Data to process:
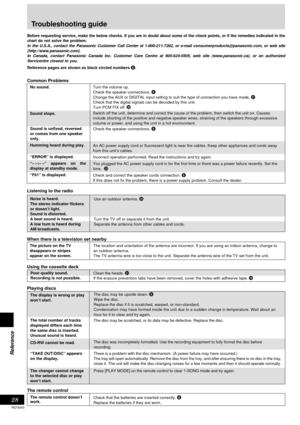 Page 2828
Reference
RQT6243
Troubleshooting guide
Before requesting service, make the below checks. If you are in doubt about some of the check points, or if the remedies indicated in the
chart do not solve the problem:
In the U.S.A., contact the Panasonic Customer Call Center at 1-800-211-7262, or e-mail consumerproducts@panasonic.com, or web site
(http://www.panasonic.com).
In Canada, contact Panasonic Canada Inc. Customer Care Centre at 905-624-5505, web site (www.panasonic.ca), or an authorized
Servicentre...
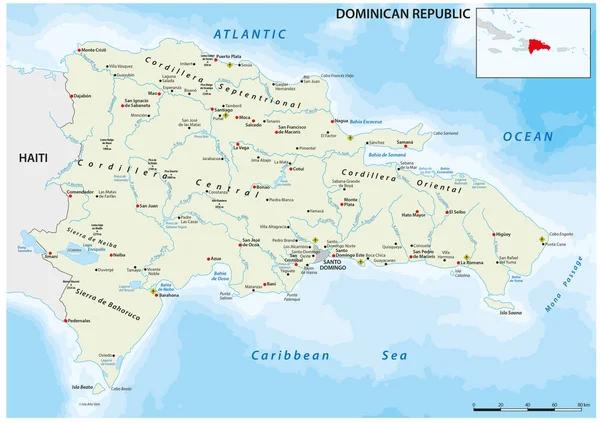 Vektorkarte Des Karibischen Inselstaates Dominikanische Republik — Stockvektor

...

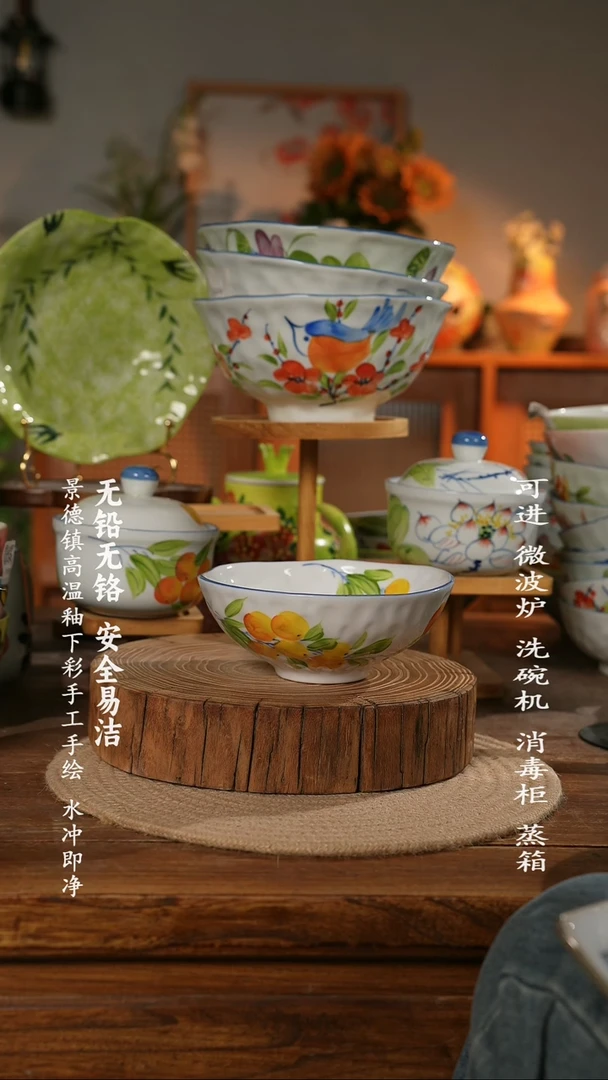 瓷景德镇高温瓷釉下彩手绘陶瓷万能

Task requirements: Reproduce the listing above only between the lines holding "Troubleshooting guide" and "Vektorkarte Des Karibischen", inclusive. Every line must match exactly, and pictures are dropped.

Exercise solution:
Troubleshooting guide
Before requesting service, make the below checks. If you are in doubt about some of the check points, or if the remedies indicated in the
chart do not solve the problem:
In the U.S.A., contact the Panasonic Customer Call Center at 1-800-211-7262, or e-mail consumerproducts@panasonic.com, or web site
(http://www.panasonic.com).
In Canada, contact Panasonic Canada Inc. Customer Care Centre at 905-624-5505, web site (www.panasonic.ca), or an authorized
Servicentre...
 Vektorkarte Des Karibischen Inselstaates Dominikanische Republik — Stockvektor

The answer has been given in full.